Today id like to share one of my favorite hobbies with everyone, glass etching. I am sure you have all seen designs etched in to glass at one point in your life. Whether it was on a large window or a small glass cup etched glass is everywhere and i'm here to tell you that you can do it too!
In this project i'll be teaching you how to make a frosted glass sign. I was taught this project by my old wood shop teacher when i was in 6th grade and it opened up the Pandora's box that is building stuff for me, i am sharing it in the hope that it will inspire you as it inspired me. This project is easy and fun to do and is the perfect place to begin if your interested in glass etching (or if your just interested in having a really cool sign to show off in your man/woman cave).
EXTRA: I will also cover how to make a light up LED base for your sign in a future instructable. The base may be a little more advanced as it requires some basic electrical/wiring know how and wood working skills. It is not necessary to make but it really brings the project up to a whole nutha level. But for now lets just worry about the basics.

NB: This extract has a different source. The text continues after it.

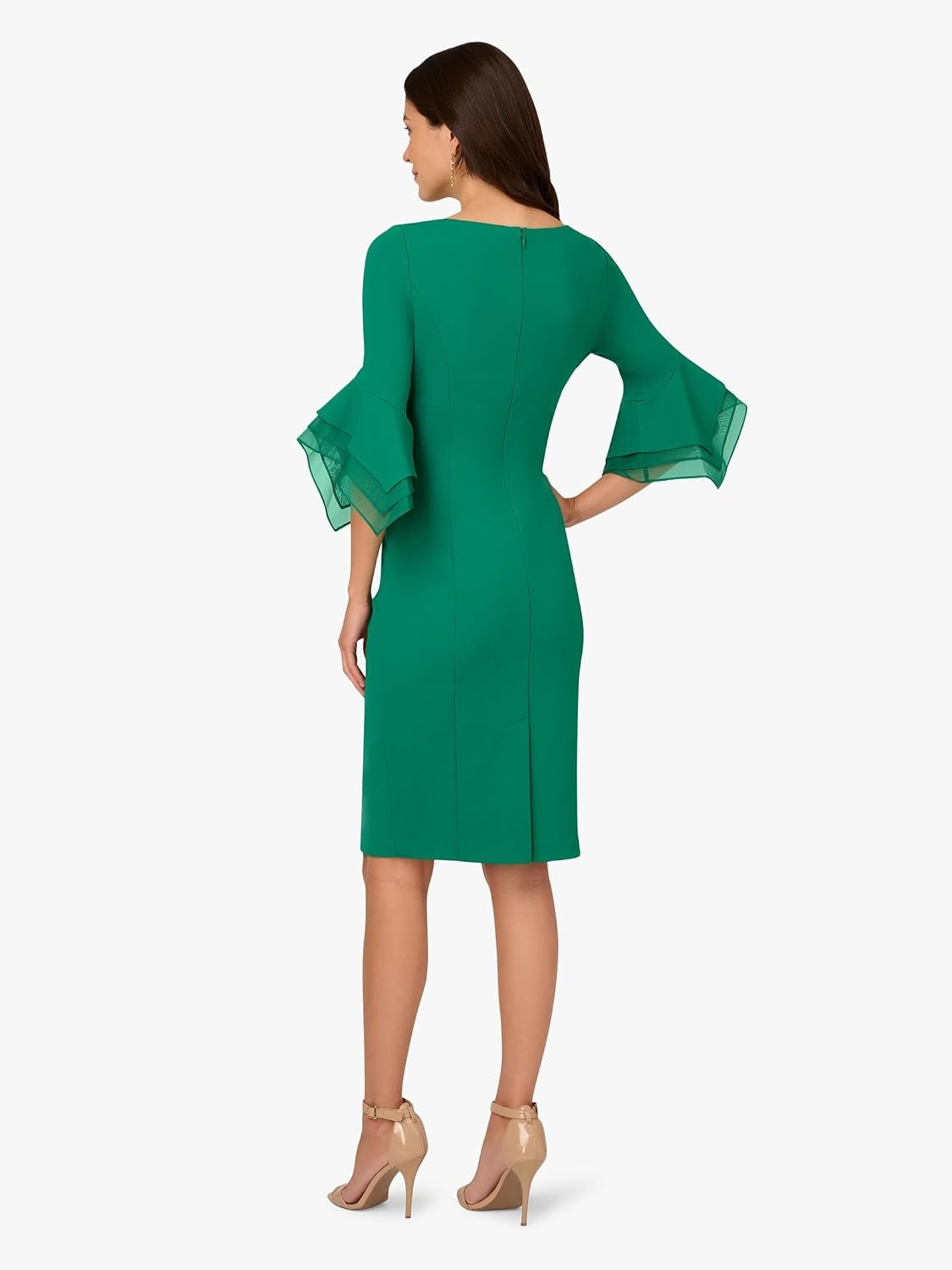 image:imageAdrianna Papell Knit Crepe Tiered Sleeve Dress Navy Satn 3Radiant Emerald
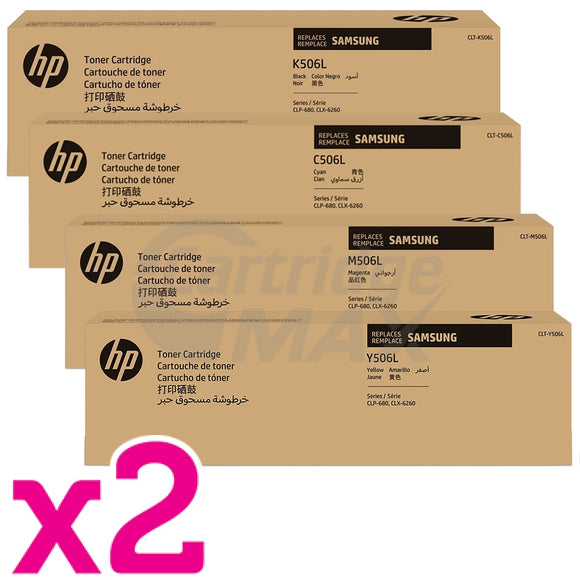 2 Set of 4-Pack Original Samsung CLP-680, CLX-6260 [CLT506L] Toner Combo [2BK,2C,2M,2Y]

To get started I've put together a list of all the materials you will need.
1. Glass (obvious i know, any thickness will do but i recommend 1/4 and above.)
3. 50% isopropyl alcohol
4. Self adhesive vinyl contact paper (commonly used as shelf liner)
5. Exacto knife with #2 blades
6. Spray mount
There are 2 different ways you can actually do the "etching" part of this project. Both will share steps
Option 1: using etching cream
Etching cream requires NO special tools to use. So it will be the best option if you do not plan on doing a lot of etching and do not already have a lot of the tools on the following list. It is more time consuming and won't etch as deeply as the other technique but your results will look the same.
To use etching cream you will need the following things
1.etching cream (can be found at most art stores)
Option 2: using an abrasive blaster gun
If you would like to do a lot of etching and don't mind investing in some tools this is the route for you. Your etching will be deeper and you will have more control over how frosted your letters will be.
To use an abrasive blaster gun you will need the following things
1. Large air compressor (25 gallon+)
2. abrasive gun
3. aluminum oxide abrasive media (walnut shells and glass beads are not hard enough to etch glass)
4. blast cabinet
For this project i used the abrasive blaster gun method but i will cover how to use both.
NOTE: if you are having trouble finding any of the above materials check the "Extra Notes" section on the last page of this instructable. There i will cover these materials more in depth and give links to sources i know of for them.
Step 1: Finding Your Design
1. Its length- try to keep it brief so that you can make the letters large enough for you to cut out later, more letters means more work.
2. Layout- How you are going to place it on your glass, centered, offset, diagonal. Do you want to add other things along side the text? Flowers? Borders? Characters? and how big of a piece of glass will you need to fit it.
3. Font- which font you choose will directly affect how difficult your sign will be the more complex/detailed the font the more difficult. Id recommend block letters for your first sign as it is easier to cut straight lines than to cut curves and points.
4. Black and White! 4th but possibly the most important thing to remember is you only have one color to work in. Shading is out. An easy way to think about this part is if you drew your design with a big black sharpie on a white piece of paper would it work?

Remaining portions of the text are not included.